--- Exercise ---
Please return only the lines between the line with "Makeup Vanity Dressing" and the final line of the entries, both included, and exclude pictures.
::: Given data
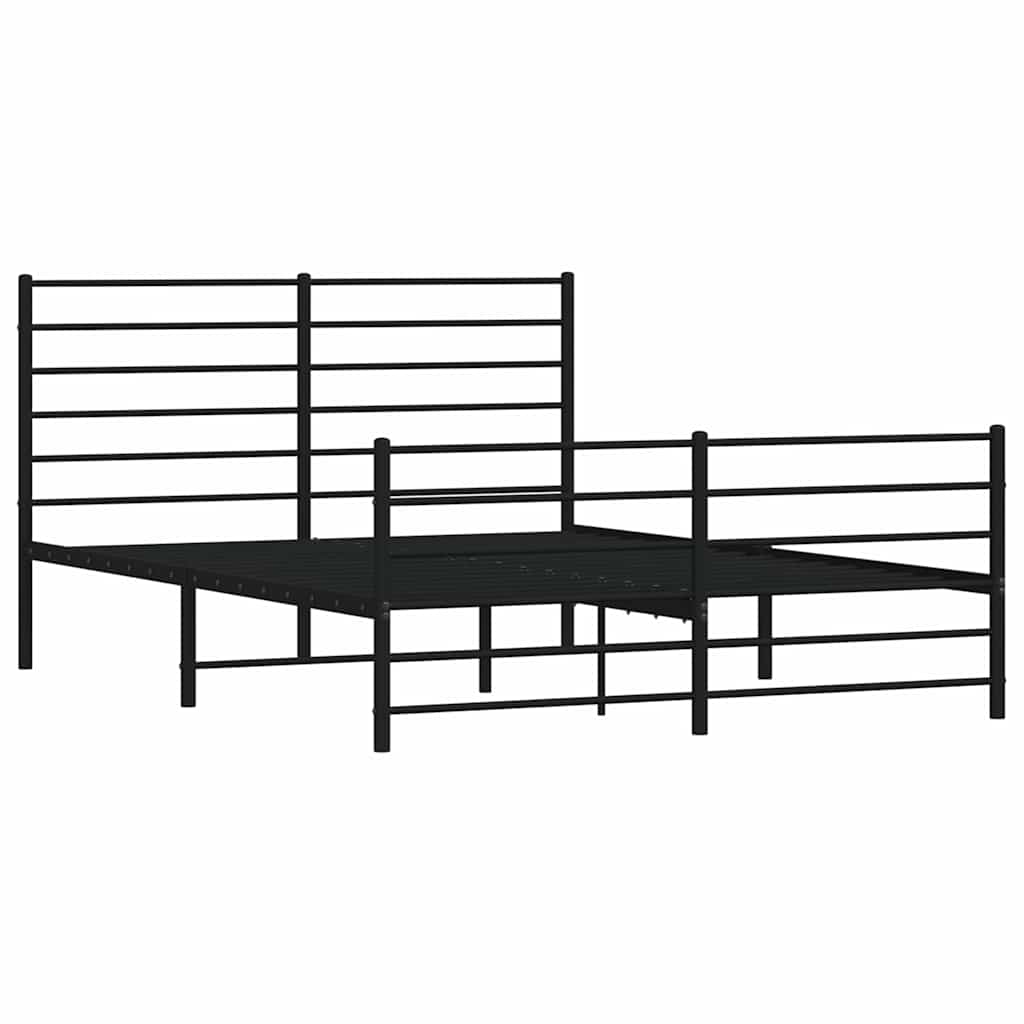 Giroletto con Testiera e Pediera Metallo Nero 140x200 cm | homemem39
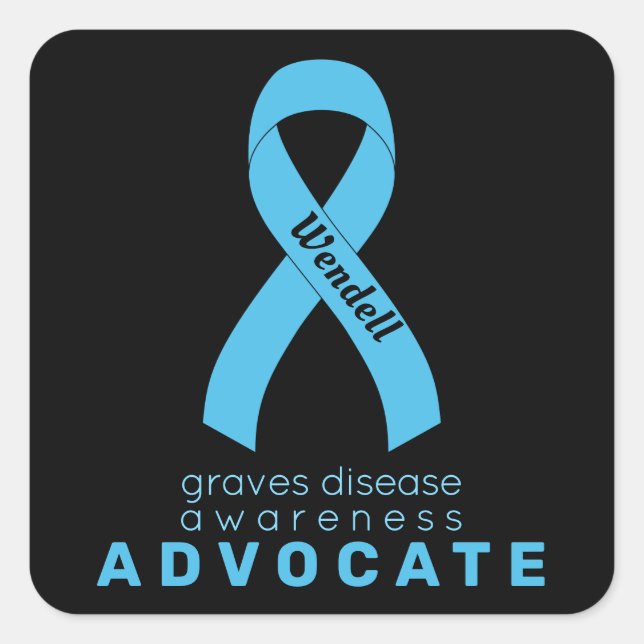Sticker Carré noir Graves Disease Advocate (Devant)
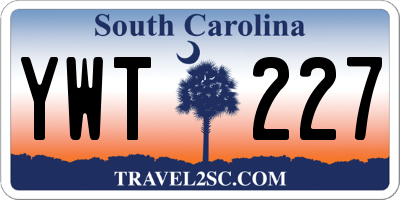 SC license plate YWT227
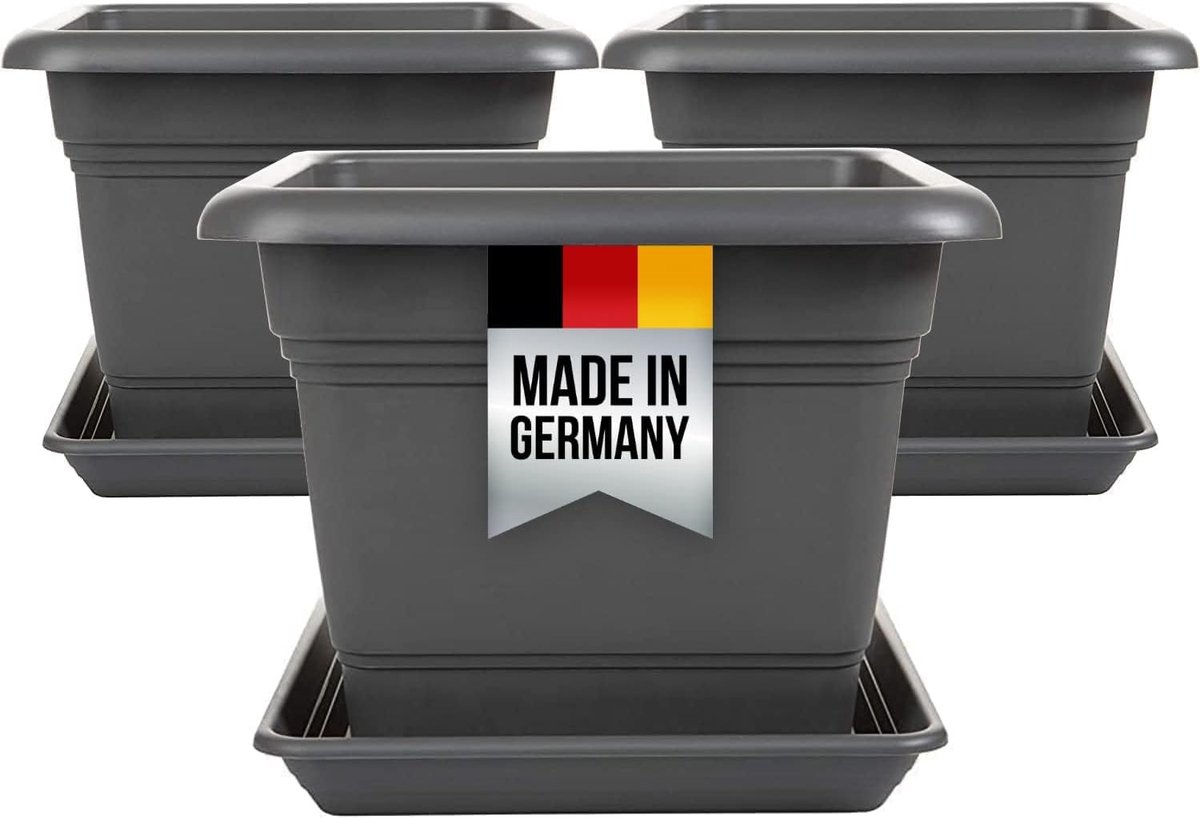 Plantenpot Set van 3 - 28 x 28 cm - Premium Anthraciet - Perfect voor elke tuin - ShopVlot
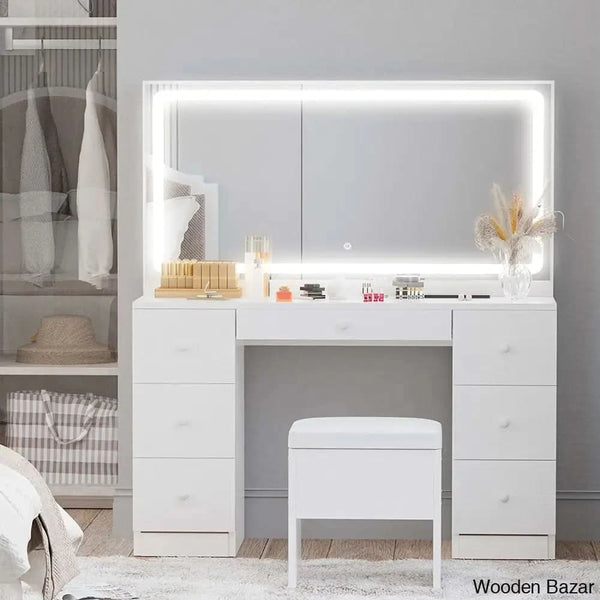 Makeup Vanity Dressing Table with LED Mirror & 7 Drawers WoodenBazar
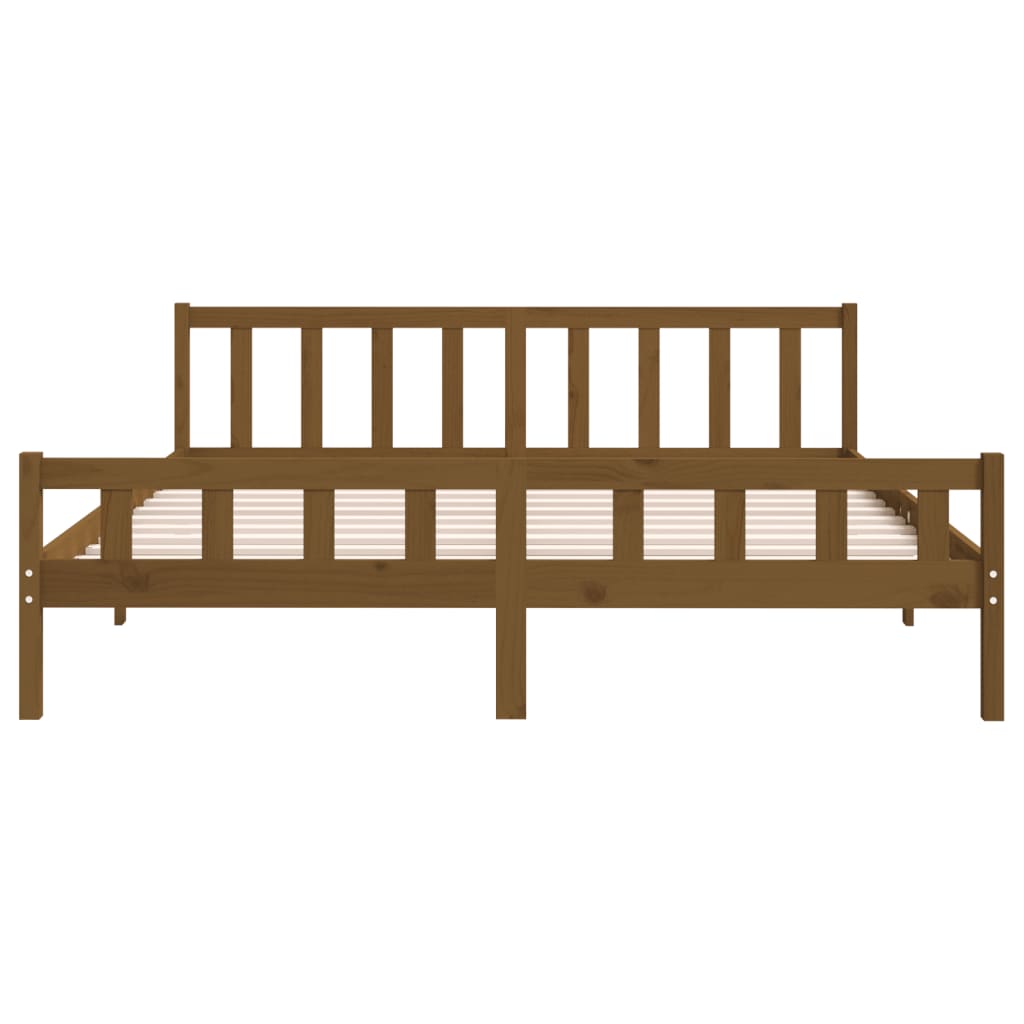 Bed frame without mattress honey brown solid wood 200x200 cm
::::::
--- Written answer ---
 Makeup Vanity Dressing Table with LED Mirror & 7 Drawers WoodenBazar
 Bed frame without mattress honey brown solid wood 200x200 cm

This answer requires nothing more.